Come neolaureato in Psicologia svolsi il tirocinio in un ospedale per anziani, dovevo intervistarli per un pomposo progetto intitolato “Il benessere psicologico nella terza età”. Quante cazzate. A ripensarci, all’epoca dovevo essere il tipico dottorino appena uscito dall’Università “so-tutto-io”. Odiosissimo.
Però non me ne accorgevo perché tutti i vecchietti quando mi vedevano mi facevano grandi sorrisi e complimenti: “come è bravo!”, “che bella voce che ha, Dottore!”, “Oggi è elegantissimo!”. E io ero così tonto che ci credevo e cascavo (oddio, ci casco ancora oggi, ma questa è un’altra storia).
In uno dei primi incarichi mi mandarono nel reparto dei malati di Alzheimer e demenza senile per delle interviste. Mi recai dalla malata conciata meno, una signora che mi accolse sdraiata a letto e con cui si poteva ancora parlare anche se talvolta biascicava.
Stranamente mi ricordo bene il colore azzurro della vestaglia, in tinta con un mazzo di fiori sul comodino. Questo è quello che ricordo del dialogo di tanti anni fa.

“Belli questi fiori, signora.”
“Me li ha portati ieri mia nuora. Li ho tenuti anche se gli infermieri non vogliono fiori in reparto.”
“Eh sì, portano batteri.”
“Non ha importanza. Io li voglio qui vicino a me. Ogni tanto questa notte quando ero sveglia li guardavo e piangevo.”
“Lei piange spesso?”
“Ogni notte mi faccio la mia bella piangiutina. Poi sento gli uccellini la mattina e capisco che è arrivato un nuovo giorno.”
“E fa fatica a dormire?”
“Ormai più che 2 o 3 ore per notte non riesco. Dico le preghiere ma spesso cado in uno stato di malinconia che dura ore. Mi sento stanca anche se non ho fatto niente.”
“Se posso azzardare una interpretazione lei mi sembra un filo depressa, signora.”
A quelle parole la signora mi guardò decisa. Ma non c’era rabbia o risentimento nei suoi occhi.
“Dottore, io non sono depressa, io sono triste.”
“E che differenza c’è?”
“Lei non conosce la differenza, Dottore?

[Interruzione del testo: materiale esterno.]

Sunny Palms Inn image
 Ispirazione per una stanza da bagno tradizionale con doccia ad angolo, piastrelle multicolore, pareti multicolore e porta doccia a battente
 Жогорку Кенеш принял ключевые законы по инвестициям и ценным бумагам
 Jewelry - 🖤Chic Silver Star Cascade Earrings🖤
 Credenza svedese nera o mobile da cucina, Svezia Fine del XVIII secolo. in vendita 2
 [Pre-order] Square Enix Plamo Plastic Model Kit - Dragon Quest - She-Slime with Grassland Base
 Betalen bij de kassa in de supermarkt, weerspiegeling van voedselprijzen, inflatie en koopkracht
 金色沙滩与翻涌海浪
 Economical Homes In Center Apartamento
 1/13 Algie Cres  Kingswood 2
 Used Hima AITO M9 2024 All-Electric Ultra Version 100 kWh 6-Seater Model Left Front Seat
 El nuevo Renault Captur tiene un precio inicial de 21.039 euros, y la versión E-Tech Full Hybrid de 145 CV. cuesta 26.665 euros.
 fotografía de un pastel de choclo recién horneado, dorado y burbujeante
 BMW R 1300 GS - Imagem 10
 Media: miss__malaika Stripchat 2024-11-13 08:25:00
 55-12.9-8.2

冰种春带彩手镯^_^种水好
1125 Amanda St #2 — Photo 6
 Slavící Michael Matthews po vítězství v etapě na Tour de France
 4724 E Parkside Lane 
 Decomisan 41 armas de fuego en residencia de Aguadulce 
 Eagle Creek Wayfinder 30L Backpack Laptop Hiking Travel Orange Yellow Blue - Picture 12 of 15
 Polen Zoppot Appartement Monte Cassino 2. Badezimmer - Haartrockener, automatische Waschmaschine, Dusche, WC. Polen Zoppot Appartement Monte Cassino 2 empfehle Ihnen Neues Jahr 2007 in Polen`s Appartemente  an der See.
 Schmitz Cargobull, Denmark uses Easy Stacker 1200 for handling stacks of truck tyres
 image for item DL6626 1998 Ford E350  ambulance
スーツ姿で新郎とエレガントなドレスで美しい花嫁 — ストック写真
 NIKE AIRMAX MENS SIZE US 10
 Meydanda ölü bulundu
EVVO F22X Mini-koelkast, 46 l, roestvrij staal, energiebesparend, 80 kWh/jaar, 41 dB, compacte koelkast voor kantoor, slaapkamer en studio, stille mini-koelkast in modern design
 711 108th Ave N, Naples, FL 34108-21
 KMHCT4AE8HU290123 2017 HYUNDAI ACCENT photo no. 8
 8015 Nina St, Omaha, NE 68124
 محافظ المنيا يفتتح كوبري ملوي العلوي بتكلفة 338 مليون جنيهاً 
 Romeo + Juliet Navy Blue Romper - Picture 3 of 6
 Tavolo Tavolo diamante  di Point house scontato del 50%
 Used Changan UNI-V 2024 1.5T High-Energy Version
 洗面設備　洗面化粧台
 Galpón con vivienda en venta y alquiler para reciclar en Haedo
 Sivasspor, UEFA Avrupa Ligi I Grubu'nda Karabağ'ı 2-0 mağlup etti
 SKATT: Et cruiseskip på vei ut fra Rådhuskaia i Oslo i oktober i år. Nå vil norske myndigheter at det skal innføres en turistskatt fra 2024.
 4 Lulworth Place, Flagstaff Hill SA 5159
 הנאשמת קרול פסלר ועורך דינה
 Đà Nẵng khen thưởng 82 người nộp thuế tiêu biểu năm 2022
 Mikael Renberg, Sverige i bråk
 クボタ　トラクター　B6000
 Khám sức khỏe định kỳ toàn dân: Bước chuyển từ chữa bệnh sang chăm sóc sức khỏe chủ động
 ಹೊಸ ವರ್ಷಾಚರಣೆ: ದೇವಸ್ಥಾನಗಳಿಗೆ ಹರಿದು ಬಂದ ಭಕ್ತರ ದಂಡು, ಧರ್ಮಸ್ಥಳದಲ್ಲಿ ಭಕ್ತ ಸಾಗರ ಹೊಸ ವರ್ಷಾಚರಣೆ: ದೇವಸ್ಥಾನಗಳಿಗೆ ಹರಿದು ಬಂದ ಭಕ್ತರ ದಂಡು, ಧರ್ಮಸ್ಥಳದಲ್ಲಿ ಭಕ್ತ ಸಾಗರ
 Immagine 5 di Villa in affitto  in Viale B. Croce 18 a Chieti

Ah ma è normale, lei è così giovane. Mi sento triste perché… ho avuto una perdita.”
“Lei è in lutto? E’ morto qualcuno?”
“In un certo senso sì. Sono morta io. Ho perso la mia salute, la mia autonomia, sto incominciando a perdere i ricordi. Si sentirebbe così anche lei se fosse nella mia situazione.  Sa che ieri non mi ricordavo più il nome di mia nuora? Eppure voglio così tanto bene a quella ragazza. Sono così felice che ha sposato mio figlio…”
Qui la signora si mise a piangere. Io non sapevo bene cosa fare, per fortuna mi ricordai delle parole del mio maestro “Quando non sai che cosa dire, non dire niente”. La signora continuò.
“Ho paura, ho sempre paura. Già ho dovuto accettare quella lì –e indicò una sedia a rotelle- e poi… poi temo di ridurmi presto come lei”. Stavolta mi indicò la sua compagna di stanza, che dormiva immobile.
Io ero sempre senza parole. Quella anziana donna si stava sfogando.
“Lo sa, Dottore, che quella si spaventa quando passa davanti ad uno specchio? Non si riconosce, vede una estranea e si mette ad urlare.”
“Eh sì, in effetti avevo notato che in questo piano non ci sono specchi.”
“Ho paura di finire come lei, di non riconoscere più nulla, di perdere la mia dignità. E so…so che presto sarà così. Tutti i giorni prego Padre Pio perché venga a prendermi –si asciugò gli occhi, poi mi guardò-. Ce n’è abbastanza per essere triste, no?”
Io pensavo…non so che pensavo. Forse che non si finisce mai di imparare.
“Mi faccia andare a casa mia, Dottore. Voglio andare a casa.”
“Lei ha una bella casa, signora?”
“Oh sì, è piccolina ma è proprio giusta per me. E’ in campagna. Da quando è morto mio marito, povero, l’ho arredata con tutte le mie cose. Lì mi trovo bene. Mi faccia tornare a casa Dottore, la prego.”
“Lo dirò al Primario, non si preoccupi. Ma lei perché era qui?”
“Mi era venuta una infezione e non riuscivo a curarmi da sola. Inoltre un giorno avevo dimenticato una roba sul fuoco. Ma adesso ho capito cos’ho, mi prenderò una infermiera, mi farò seguire. Lo dirà al Primario?”
“Certo.”
“Come sono contenta.”

Beh, forse alla fine a qualcosa servivo.